I have lately found myself immersed in books, both in the form of study as well as in the form of enjoyment. At this point, I consider the two types mutually exclusive. Nothing I read for study these days is, shall we say, likable. Informative, sure, but still dreadful. Two books are at the forefront of my current reading list, and both have been cause for different rants. Today being Monday, I think a rant is in order.

  • I’m reading a book for school that is written by a “professional.” This professional is a specialist in a field, and not a writer. I have to come to notice that there is a clear difference between the two. The author is clearly knowledgeable, but her writing style is atrocious. Her book is quite readable, though it actually feels conversational. While this may seem to be a nice touch, it lends itself to being far too wordy, not to mention chatty.

    Plus, and I wish I was joking here, she includes “illustrations” throughout the text. Only instead of using actual drawings, little Microsoft PowerPoint stick figures are used. They strike various poses, replete with question marks above their heads for “surprising” information. It’s all I can do to not gag.

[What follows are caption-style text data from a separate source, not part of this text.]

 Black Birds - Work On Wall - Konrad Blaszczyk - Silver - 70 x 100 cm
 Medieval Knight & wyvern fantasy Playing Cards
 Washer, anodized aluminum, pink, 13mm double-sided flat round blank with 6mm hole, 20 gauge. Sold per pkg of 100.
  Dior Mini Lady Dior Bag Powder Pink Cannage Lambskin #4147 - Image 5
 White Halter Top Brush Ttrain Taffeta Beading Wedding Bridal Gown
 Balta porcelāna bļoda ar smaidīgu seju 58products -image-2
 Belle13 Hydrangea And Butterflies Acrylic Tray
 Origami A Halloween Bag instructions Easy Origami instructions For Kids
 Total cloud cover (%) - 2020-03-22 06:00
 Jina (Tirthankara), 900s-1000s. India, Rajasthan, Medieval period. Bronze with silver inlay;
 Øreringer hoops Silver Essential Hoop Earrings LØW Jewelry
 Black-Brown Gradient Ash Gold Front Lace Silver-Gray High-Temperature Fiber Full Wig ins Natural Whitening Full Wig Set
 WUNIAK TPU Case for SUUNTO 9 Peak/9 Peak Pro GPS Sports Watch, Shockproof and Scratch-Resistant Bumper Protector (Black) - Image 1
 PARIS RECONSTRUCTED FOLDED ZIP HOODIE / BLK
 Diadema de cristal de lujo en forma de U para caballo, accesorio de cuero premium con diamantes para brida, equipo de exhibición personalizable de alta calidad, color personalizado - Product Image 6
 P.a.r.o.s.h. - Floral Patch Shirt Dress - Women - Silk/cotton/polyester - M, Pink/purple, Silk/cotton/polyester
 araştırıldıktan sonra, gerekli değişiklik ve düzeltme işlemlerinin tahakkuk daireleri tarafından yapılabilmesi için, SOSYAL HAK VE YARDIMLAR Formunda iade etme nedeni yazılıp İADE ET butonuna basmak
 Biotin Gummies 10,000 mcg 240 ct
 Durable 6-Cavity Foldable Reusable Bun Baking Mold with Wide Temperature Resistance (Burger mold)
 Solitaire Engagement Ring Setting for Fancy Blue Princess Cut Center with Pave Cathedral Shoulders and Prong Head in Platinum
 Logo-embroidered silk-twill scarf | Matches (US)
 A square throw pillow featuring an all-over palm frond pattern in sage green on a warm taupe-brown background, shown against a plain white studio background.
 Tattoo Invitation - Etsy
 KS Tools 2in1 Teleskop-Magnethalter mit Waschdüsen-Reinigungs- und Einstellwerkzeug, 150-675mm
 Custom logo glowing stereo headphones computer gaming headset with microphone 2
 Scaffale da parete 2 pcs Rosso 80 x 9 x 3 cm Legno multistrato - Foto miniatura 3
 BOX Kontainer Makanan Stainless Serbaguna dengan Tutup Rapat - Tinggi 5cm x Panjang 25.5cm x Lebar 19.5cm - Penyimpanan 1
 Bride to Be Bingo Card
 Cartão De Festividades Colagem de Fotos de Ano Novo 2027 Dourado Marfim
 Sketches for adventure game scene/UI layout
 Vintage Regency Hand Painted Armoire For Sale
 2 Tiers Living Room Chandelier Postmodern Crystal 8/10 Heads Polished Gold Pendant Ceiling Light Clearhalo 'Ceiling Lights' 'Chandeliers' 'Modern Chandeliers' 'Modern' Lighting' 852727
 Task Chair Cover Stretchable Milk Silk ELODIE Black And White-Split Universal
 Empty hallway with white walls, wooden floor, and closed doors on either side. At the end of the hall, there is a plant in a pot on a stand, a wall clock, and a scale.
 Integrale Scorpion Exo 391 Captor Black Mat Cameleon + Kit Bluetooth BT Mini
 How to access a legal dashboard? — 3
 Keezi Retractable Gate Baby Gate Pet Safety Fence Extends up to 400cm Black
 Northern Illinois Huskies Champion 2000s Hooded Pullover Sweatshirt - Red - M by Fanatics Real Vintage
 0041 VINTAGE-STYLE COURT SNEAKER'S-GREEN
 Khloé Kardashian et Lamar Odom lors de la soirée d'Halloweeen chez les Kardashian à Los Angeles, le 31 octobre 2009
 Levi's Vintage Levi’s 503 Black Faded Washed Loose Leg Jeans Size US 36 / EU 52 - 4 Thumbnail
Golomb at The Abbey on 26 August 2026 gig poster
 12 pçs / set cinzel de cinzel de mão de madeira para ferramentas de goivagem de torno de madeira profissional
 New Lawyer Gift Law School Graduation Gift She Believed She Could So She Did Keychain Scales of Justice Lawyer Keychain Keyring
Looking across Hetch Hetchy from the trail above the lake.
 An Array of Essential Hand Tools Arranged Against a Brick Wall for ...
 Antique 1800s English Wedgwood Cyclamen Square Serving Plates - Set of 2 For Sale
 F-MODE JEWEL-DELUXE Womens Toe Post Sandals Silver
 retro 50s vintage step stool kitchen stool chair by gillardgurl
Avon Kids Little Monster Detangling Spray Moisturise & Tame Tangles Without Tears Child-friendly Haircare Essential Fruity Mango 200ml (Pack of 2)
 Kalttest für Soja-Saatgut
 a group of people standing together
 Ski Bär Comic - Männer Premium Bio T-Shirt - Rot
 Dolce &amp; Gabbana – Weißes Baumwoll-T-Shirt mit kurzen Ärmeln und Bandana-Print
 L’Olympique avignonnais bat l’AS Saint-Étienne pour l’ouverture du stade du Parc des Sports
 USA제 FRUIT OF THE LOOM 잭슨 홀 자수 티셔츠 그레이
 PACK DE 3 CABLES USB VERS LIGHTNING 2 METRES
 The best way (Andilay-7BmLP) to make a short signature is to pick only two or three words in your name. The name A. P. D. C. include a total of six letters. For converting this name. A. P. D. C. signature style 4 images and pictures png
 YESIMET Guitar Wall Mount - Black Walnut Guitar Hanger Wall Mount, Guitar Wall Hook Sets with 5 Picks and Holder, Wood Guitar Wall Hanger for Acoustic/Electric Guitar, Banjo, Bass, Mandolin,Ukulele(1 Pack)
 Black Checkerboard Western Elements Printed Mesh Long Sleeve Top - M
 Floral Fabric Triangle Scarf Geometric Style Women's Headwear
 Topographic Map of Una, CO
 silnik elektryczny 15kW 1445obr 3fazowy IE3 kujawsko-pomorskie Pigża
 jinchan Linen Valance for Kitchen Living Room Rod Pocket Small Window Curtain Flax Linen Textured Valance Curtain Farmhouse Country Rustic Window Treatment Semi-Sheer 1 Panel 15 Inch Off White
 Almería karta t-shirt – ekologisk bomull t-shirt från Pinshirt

  • Thanks to a referral from my friend Dave (note: he mentioned this quite a while ago; my to-read list just happens to be about 20 miles long), I am currently immersed in Jasper Fforde’s The Eyre Affair. This book is captivating, and I’m thoroughly enjoying it. What I’m not enjoying, however, is the previous owner’s use of the book. As I do with many books, I bought this one at the used book store. Sometimes it’s fun to find used books with notes in them. I like to see what gets underlined, as that’s what’s generally found intriguing at the time, and I especially love little notes about ideas or thoughts from a reader. It makes a read very interesting, and I myself have been known to do such things on occasion.

    However, I draw the line when someone’s only markings are critical. Whoever owned this book before I did thought himself quite the editor. Every few pages, a word is circled that is deemed to be ungrammatical or a typo. I mean, really, what’s the point? We all know what the author meant, and in the grand scheme of things, a mistyped prepositional phrase doesn’t really make all that much difference to the story. I have a mind to go and erase all the markings so that I can enjoy this great work of fiction without being shown all its mistakes. So there.